### Data shown
►
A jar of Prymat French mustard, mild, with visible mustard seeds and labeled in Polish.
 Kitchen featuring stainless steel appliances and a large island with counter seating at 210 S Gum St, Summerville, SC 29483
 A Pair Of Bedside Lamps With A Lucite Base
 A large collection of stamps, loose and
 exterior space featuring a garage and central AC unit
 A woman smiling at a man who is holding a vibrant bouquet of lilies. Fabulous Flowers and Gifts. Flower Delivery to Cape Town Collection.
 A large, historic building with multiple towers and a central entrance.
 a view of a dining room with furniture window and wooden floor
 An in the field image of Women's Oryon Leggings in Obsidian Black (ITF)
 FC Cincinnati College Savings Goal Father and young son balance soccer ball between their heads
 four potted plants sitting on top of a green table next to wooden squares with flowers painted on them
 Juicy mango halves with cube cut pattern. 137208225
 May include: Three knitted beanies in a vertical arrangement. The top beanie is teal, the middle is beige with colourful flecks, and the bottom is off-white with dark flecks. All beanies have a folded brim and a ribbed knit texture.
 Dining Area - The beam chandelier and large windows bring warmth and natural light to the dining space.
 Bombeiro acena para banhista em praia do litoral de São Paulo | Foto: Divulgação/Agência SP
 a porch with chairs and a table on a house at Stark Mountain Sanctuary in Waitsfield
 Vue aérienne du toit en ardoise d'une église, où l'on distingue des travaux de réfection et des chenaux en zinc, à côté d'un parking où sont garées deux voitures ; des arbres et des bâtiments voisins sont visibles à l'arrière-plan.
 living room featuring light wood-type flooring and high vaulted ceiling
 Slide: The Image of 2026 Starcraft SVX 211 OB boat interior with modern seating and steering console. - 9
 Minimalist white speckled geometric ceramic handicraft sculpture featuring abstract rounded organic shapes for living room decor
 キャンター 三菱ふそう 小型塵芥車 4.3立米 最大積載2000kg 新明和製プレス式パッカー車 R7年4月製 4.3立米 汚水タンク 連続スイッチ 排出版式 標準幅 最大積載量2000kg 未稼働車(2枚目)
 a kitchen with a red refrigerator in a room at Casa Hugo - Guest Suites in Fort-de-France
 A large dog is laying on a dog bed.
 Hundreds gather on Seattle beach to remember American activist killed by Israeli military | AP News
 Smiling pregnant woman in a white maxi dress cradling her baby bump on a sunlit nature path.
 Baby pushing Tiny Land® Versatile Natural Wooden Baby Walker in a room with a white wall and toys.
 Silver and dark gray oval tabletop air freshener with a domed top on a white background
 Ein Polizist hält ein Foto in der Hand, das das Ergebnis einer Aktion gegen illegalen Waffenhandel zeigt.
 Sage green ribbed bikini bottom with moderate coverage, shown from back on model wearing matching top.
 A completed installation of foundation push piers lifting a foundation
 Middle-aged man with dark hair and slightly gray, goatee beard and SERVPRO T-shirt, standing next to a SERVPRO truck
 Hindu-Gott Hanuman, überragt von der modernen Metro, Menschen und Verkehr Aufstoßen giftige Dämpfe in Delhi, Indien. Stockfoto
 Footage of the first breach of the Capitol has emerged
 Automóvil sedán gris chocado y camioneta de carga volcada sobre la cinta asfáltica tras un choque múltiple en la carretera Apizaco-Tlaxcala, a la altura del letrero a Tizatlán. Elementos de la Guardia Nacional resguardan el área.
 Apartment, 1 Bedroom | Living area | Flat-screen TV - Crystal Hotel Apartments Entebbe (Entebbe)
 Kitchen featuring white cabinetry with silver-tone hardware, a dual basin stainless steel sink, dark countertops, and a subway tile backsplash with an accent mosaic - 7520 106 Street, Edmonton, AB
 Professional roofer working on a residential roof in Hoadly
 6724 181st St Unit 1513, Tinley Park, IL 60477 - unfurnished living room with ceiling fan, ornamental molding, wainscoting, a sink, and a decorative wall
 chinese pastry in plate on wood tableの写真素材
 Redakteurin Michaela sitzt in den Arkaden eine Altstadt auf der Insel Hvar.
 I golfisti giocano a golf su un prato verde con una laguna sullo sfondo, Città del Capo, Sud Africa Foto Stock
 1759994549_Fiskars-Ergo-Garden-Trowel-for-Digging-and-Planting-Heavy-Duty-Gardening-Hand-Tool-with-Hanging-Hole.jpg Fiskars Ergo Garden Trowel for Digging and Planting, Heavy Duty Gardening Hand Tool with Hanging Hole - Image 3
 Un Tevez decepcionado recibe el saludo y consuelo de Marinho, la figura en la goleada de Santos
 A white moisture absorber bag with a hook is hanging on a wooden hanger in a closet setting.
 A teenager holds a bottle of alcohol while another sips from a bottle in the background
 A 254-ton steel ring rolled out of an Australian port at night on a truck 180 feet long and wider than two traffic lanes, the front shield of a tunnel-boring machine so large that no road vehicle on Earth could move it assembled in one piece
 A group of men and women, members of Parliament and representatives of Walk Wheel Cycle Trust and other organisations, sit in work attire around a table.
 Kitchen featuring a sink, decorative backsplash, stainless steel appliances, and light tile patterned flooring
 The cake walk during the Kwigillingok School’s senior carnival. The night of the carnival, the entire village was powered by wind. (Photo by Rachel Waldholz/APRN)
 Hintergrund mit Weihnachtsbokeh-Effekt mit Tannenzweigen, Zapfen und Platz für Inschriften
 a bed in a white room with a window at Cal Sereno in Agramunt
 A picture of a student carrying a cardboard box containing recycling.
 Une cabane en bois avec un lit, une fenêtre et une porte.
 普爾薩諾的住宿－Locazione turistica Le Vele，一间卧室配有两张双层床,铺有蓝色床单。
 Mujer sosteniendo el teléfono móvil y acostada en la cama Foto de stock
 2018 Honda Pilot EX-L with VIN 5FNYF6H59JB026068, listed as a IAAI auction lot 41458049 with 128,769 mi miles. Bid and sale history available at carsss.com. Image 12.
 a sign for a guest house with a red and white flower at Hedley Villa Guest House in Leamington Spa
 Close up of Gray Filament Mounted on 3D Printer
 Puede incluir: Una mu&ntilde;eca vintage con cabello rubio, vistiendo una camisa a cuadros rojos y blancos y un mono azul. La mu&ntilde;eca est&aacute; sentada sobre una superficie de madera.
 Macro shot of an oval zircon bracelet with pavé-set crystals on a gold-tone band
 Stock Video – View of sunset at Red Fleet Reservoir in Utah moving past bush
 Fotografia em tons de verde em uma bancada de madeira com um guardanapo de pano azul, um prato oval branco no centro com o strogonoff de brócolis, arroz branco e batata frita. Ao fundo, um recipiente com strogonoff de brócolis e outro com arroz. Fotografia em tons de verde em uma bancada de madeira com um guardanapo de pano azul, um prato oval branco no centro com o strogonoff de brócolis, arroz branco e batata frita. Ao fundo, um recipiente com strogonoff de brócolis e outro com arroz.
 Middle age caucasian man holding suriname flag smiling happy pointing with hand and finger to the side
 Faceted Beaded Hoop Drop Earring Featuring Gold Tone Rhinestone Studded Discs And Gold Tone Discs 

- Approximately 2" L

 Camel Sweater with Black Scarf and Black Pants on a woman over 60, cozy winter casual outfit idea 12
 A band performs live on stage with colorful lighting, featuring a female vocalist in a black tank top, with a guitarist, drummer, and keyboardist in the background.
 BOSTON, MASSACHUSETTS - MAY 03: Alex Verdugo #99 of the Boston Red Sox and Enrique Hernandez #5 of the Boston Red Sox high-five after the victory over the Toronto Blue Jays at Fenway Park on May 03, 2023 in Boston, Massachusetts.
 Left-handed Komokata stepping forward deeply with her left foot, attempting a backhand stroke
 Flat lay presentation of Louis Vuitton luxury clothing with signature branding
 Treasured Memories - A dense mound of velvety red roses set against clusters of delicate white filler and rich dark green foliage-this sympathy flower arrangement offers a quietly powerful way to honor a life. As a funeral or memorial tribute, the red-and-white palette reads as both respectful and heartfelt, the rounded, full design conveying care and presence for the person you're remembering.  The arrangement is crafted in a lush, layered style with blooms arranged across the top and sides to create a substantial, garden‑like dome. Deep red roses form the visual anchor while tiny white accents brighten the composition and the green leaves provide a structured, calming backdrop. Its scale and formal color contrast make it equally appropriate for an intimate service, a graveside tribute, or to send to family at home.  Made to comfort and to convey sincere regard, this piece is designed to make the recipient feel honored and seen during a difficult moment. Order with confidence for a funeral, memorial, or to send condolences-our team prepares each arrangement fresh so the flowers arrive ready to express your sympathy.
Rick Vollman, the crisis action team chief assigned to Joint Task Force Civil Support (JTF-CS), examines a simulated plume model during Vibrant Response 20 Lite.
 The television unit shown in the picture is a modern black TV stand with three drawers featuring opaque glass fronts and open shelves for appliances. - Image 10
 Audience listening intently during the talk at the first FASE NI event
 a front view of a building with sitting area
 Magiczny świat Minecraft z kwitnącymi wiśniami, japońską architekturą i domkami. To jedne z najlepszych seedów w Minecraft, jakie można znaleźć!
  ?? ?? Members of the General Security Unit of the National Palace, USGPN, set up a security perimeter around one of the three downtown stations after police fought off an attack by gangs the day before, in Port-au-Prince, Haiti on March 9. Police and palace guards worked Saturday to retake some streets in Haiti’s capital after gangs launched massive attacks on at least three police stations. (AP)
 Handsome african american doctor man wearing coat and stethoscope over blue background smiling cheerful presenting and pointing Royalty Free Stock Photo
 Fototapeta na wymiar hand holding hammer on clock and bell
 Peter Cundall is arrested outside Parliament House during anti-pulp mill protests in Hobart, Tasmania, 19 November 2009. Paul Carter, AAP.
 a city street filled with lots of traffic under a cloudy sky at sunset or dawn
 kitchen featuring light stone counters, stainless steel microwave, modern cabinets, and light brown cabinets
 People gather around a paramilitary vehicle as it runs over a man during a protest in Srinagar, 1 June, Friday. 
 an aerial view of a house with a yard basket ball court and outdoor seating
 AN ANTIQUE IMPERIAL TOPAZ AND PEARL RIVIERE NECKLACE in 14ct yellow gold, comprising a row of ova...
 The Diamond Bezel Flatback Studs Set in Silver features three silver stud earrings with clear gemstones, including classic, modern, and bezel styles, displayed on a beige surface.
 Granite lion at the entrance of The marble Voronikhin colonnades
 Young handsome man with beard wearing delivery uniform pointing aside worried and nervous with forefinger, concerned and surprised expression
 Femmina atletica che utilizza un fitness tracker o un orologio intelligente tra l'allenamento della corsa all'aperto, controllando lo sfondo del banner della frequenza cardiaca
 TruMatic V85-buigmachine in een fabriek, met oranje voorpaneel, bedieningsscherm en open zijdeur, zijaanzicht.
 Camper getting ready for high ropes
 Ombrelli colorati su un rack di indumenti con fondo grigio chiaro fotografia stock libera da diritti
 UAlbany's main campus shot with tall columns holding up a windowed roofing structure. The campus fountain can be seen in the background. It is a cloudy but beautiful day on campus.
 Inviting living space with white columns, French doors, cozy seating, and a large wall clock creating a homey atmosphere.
◄
### What you should do
Verbatim output is expected for the lines from the start of the data to the line in which "Juicy mango halves" appears, both included.

### Written solution
A jar of Prymat French mustard, mild, with visible mustard seeds and labeled in Polish.
 Kitchen featuring stainless steel appliances and a large island with counter seating at 210 S Gum St, Summerville, SC 29483
 A Pair Of Bedside Lamps With A Lucite Base
 A large collection of stamps, loose and
 exterior space featuring a garage and central AC unit
 A woman smiling at a man who is holding a vibrant bouquet of lilies. Fabulous Flowers and Gifts. Flower Delivery to Cape Town Collection.
 A large, historic building with multiple towers and a central entrance.
 a view of a dining room with furniture window and wooden floor
 An in the field image of Women's Oryon Leggings in Obsidian Black (ITF)
 FC Cincinnati College Savings Goal Father and young son balance soccer ball between their heads
 four potted plants sitting on top of a green table next to wooden squares with flowers painted on them
 Juicy mango halves with cube cut pattern. 137208225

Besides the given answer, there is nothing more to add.